Internal party battles are matters on public record. PM Turnbull is gone although active on public sphere. His long seat long held by Libs is gone. We have seen resignations from the party and public battles over what makes the ‘heart of the party’ and who defines it. Add to this, some in the Liberal ranks and their voters want to see gay and intersex rights extended beyond SSM law, who knows where the party will land.

The Labor Party was a strong SSM legalisation supporter and so far has escaped open internal divisions experienced on the other side of politics. So far it appears if it returns to office Labor will further extend those rights in sectors such as schools and perhaps beyond.

Labor seems to look at religion in humanistic or socially constructed terms. Like some of media commentators or even some  Christian ‘moderates’, Labor (perhaps in good faith) seems to see Christians schools as just engaging in discrimination by not showing willingness to recruit gay teachers in the future.
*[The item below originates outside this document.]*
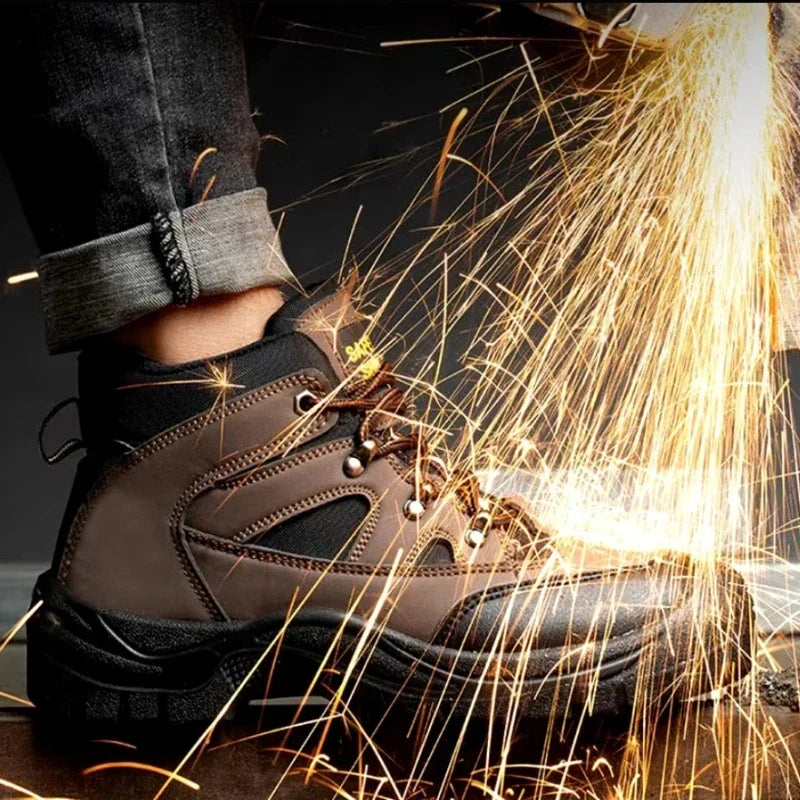Bottes de sécurité homme à embout acier, marron, du 39 au 46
There is lack of recognition here that Christian practices are way of life.

Another point of division is evident in some distinct Labor held seats. Official reports show that some key Labor electorates voted ‘no’ during SSM vote. The media and ABS reports include Blaxland, Watson in Western Sydney and McMahon electorates. We also know more Non-English speaking background people were likely to say ‘no’ compared to English-Speaking background Aussies.

Labor is ahead in Party preferred opinion polls by a significant margin. However, if elected, and once a full impact of revisions of federal and State laws flowing on from SSM start filtering down, it will just be a matter of time before those Labor voters are forced to evaluate their willingness to give up religious freedoms.

What Also Comes to Mind
As I have thought through these issues, some political and philosophical thinkers came to mind. What do they have to say about complex situations when you have competing ideas and traditions in need of adjudication? I thought of John Stuart Mill and how he approached the idea of Tyranny of the Majority. I have thought of civil and political rights and protections such as those discussed by contemporary writers such as Patrick Dunleavy. I couldn’t help but also look up T.H. Marshall and his citizenship thesis. And I took a little glimpse of Immanuel Kant.

And if some Politicians in Australia decide it okay to ‘extinguish’ Article 18 of the UN Declaration of Human Rights, what is this precedent setting for the future? And which group could be next?

As I finish this article, I cannot see how it will be possible for Australia to take away Christian freedoms relating to schools and parenting without consequences. It is a big change if it is to be imposed. This is not simply about political competition between major parties and the median voter. The ramifications could go far beyond the two major political parties in the longer term. We are talking about the stuff of life, people’s relationship to what they consider to be their transcendent. What is cultural battle to one person, for others their God is what they live for – it’s where they find meaning. It’s what imparts in their being to love their neighbour. And love their God.


These are by no means the only flow-on religious freedom questions exercising the minds and the hearts at the moment. And Christian institutions or families are not the only ones concerned. As a student of Christianity this is my take of it.